Donating a kidney to a family member or friend is an extraordinary act of compassion. So, how do you describe the enormous kind-heartedness of Nancy Cabrellis?
She donated a kidney anonymously to a complete stranger. She had no idea who would get it or what their life was like. In essence, it was like casting a piece of her body into the river of medicine, trusting, without any detail, that it will land in the right place to help someone – with no guarantee she would ever know the result.
“Why wouldn’t I do it?” said Cabrellis, who had a kidney removed and transplanted into someone she did not know at the UC Davis Medical Center. The team was led by Junichiro Sageshima, surgical director of the Living Donor Kidney Transplant Program.
“If I can improve someone else’s quality of life, or maybe save their life, it’s just the right thing to do,” Cabrellis said.
Kimber Simmons, a nurse and Living Donor Transplant Coordinator in the Transplant Center, sees it a little differently. “Nancy is just an amazing person,” Simmons said. “It took a bit of time for her to get through the evaluation process and she hung in there. She felt so strongly about helping somebody out there.”
It’s the idea of blindly helping “somebody out there” that stands out, despite Cabrellis’ insistence that it’s no big deal. It’s also a story of her resilience and unassuming determination to help.
Cabrellis first offered to donate a kidney in 2013. It would have gone to her mother-in-law, who was in advanced stage renal failure. “When I heard about that, I volunteered,” Cabrellis said. “I wanted to help.”
Cabrellis blood type is O positive, the universal donor.

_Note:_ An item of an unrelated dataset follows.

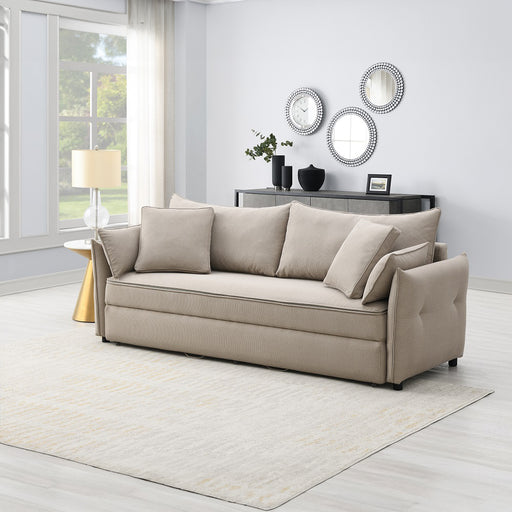 Sofa w/Sleeper, Storage & 4 Pillows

Nonetheless, after evaluations, she wasn’t a match with her mother-in-law for other reasons, so they entered the Transplant Center’s paired donor program, which in some circles is called a kidney swap.
That’s when a donor and potential recipient who don’t match are connected with another donor-recipient pair to create compatible matches of blood types and other factors. Both recipients get kidneys, just not from the person they know. Sometimes this becomes a chain that includes three or more pairs.

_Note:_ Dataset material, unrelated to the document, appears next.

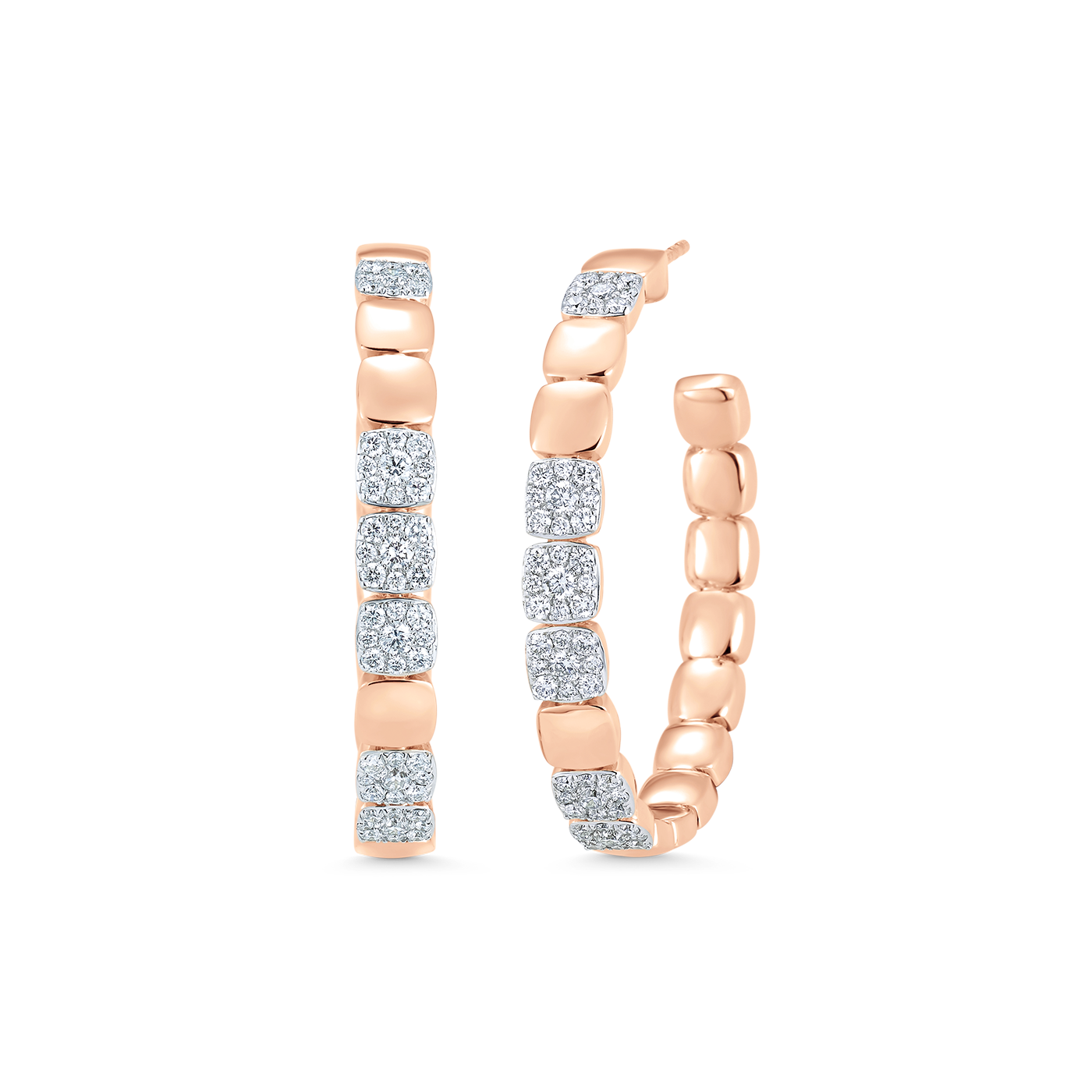 Adira Illusion Cluster Beaded Hoop Earrings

The UC Davis Transplant Team is expert at this. It’s one of the top transplant centers in America – in 2016, doctors there performed 402 kidney transplants, the most among the 250 transplant centers in the U.S. In 2019, a relatively slower year because the team was down one physician, they still performed 211 transplants, 67 from living donors.
The complication in the process is that the pairs or chain can take months to fill out compatibly.

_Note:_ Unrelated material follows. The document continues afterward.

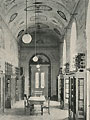 Sala centrale della Biblioteca del R. Istituto Superiore Agrario e Forestale di Firenze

Cabrellis' mother-in-law was seriously ill and doctors ruled her out for a transplant. She remained on dialysis until she passed away this year. In the meantime, Cabrellis began thinking she could help someone else.
“I saw what my mother-in-law went through,” Cabrellis said. “I thought maybe I could help someone else so they wouldn’t have to suffer the way she did.”
That step – donating anonymously to a stranger – is a huge one. Cabrellis kept thinking about it for more than a year.
“It was weighing on me,” she said. “Things would pop up, like on the news, that would remind me. I saw on someone’s car they wrote, ‘I need a kidney.’ I decided to reach out to the hospital to see if I could do it even though I didn’t have someone in mind.”
The transplant team began working to match Cabrellis and place her in a chain, and to evaluate her for any possible health issues. Some small ones popped up.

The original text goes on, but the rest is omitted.